There will likely be differences between our minimum estimated
cash available for distribution for the twelve months ending
December 31, 2011 and our actual results for such period
and those differences could be material. If we fail to generate
the minimum estimated cash available for distribution for the
twelve months ending December 31, 2011, we may not be able
to pay cash dividends on our common shares at the initial
distribution rate stated in our cash dividend policy for such
period.
Our minimum estimated cash available for distribution required
to pay dividends to all our outstanding shares of common stock
at the estimated annual initial dividend rate of
$ per share is approximately
$38.7 million.

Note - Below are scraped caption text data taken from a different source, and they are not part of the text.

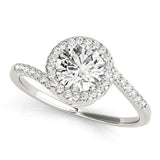 14k White Gold Halo Design Bypass Round Diamond Engagement Ring (5/8 cttw)Monde Trend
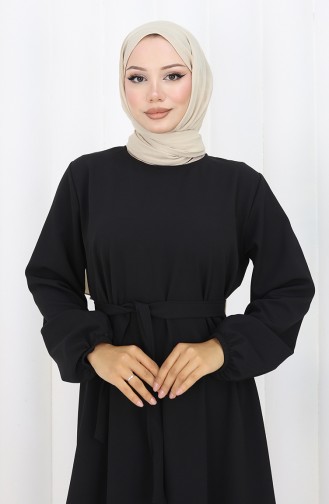 Schwarz Hijab Kleider 2151-03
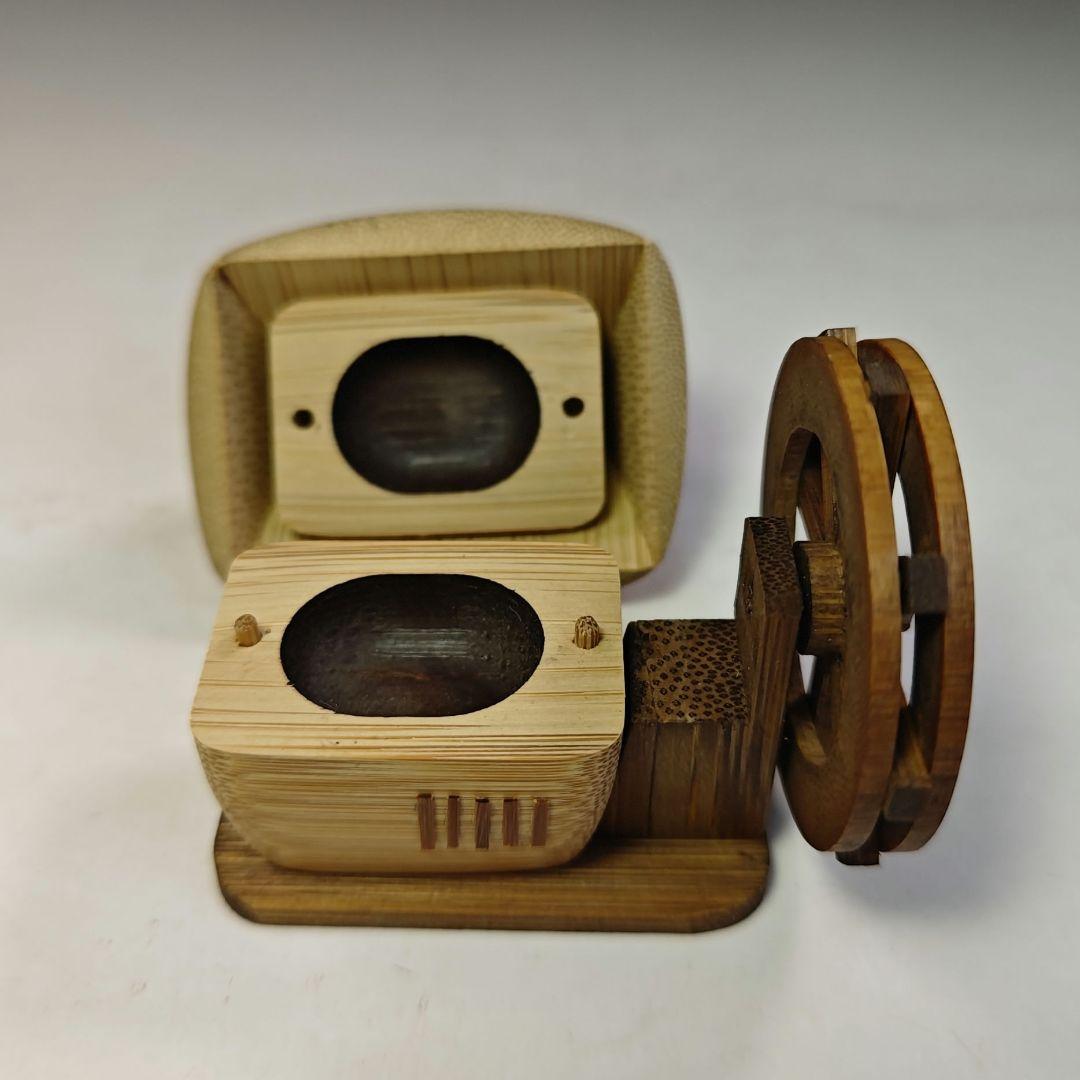 イ744 香合『加州 清水晃樹』『大名竹 水車 葛屋 香合 共箱』茶道具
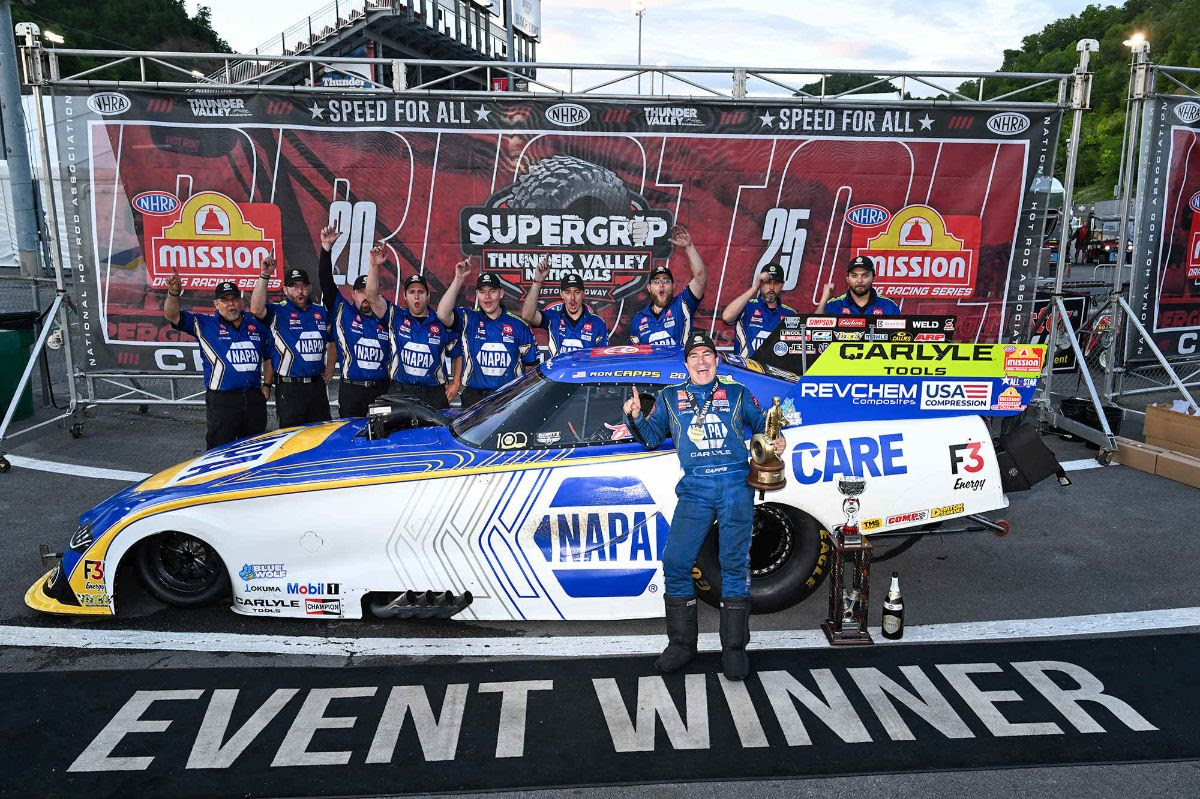 Ron Capps, Winningest NHRA Funny Car Driver in Bristol Dragway History, Inducted Into Legends of Thunder Valley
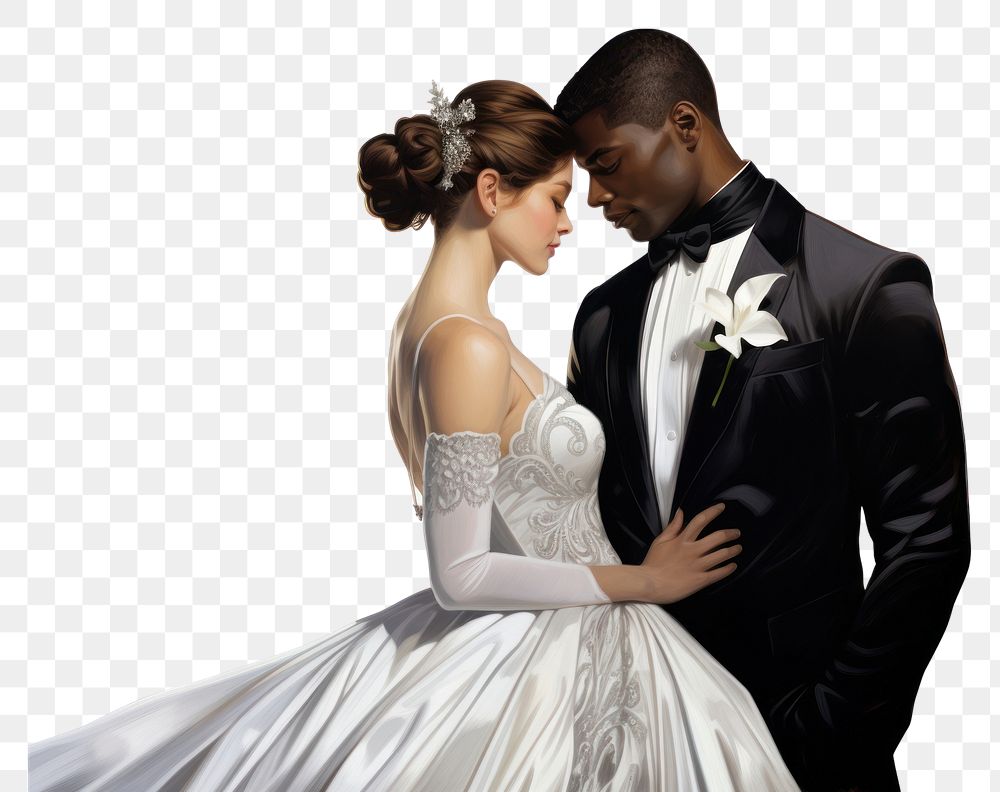 PNG Black groom white bride fashion wedding tuxedo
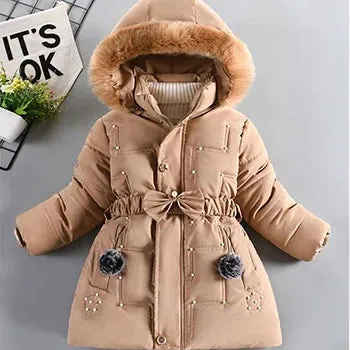 Big Size Winter Girls Jackets Keep Warm Thicken Christmas Coat Fall Hooded Zipper Waterproof Outerwear Kids Clothes 3-12 Years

Our minimum estimated cash available for
distribution is comprised of cash distributions from our limited
and general partnership interests in the Partnership, plus cash
distributions from our interests in VESCO, less general and
administrative expenses, less cash interest expense, if any,
less federal income taxes, less capital contributions to the
Partnership and VESCO and less reserves established by our board
of directors. Upon the closing of the expected sale of our
interests in VESCO, substantially all of our cash flow will be
generated from our limited and general partnership interests in
the Partnership. In order for our minimum estimated cash
available for distribution to be approximately
$38.7 million, we estimate that the Partnership must have
minimum estimated cash available for distribution for the twelve
months ending December 31, 2011 of $178.5 million,
which would be sufficient to fund the Partnerships most
recently declared and paid distribution for the quarter ended
June 30, 2010 of $2.11 per common unit on an annualized
basis.
57
In order for the Partnership to have minimum estimated cash
available for distribution of $178.5 million, we estimate
that it must generate Adjusted EBITDA of at least
$370.9 million for the twelve months ending
December 31, 2011 after giving effect to a
$49.4 million cash reserve. As set forth in the table below
and as further explained under Assumptions and
Considerations, we believe the Partnership will produce
minimum estimated cash available for distribution of
$178.5 million for the twelve months ending
December 31, 2011.
We do not as a matter of course make public projections as to
future operations, earnings or other results. However,
management has prepared the minimum estimated cash available for
distribution and assumptions set forth below to substantiate our
belief that we will have sufficient cash available to pay the
estimated annual dividend rate to our stockholders for the
twelve months ending December 31, 2011. The accompanying
prospective financial information was not prepared with a view
toward complying with the published guidelines of the SEC or the
guidelines established by the American Institute of Certified
Public Accountants with respect to prospective financial
information, but, in the view of our management, was prepared on
a reasonable basis, reflects the best currently available
estimates and judgments and presents, to the best of
managements knowledge and belief, the assumptions on which
we base our belief that we can generate the minimum estimated
cash available for distribution necessary for us to have
sufficient cash available for distribution to pay the estimated
annual dividend rate to all of our stockholders for the twelve
months ending December 31, 2011. However, this information
is not fact and should not be relied upon as being necessarily
indicative of future results, and readers of this prospectus are
cautioned not to place undue reliance on the prospective
financial information. The prospective financial information
included in this prospectus has been prepared by, and is the
responsibility of, our management. PricewaterhouseCoopers LLP
has neither examined, compiled nor performed any procedures with
respect to the accompanying prospective financial information
and, accordingly, PricewaterhouseCoopers LLP does not express an
opinion or any other form of assurance with respect thereto. The
PricewaterhouseCoopers LLP reports included in this prospectus
relate to our historical financial information. Such reports do
not extend to the prospective financial information of the
Partnership or us and should not be read to do so.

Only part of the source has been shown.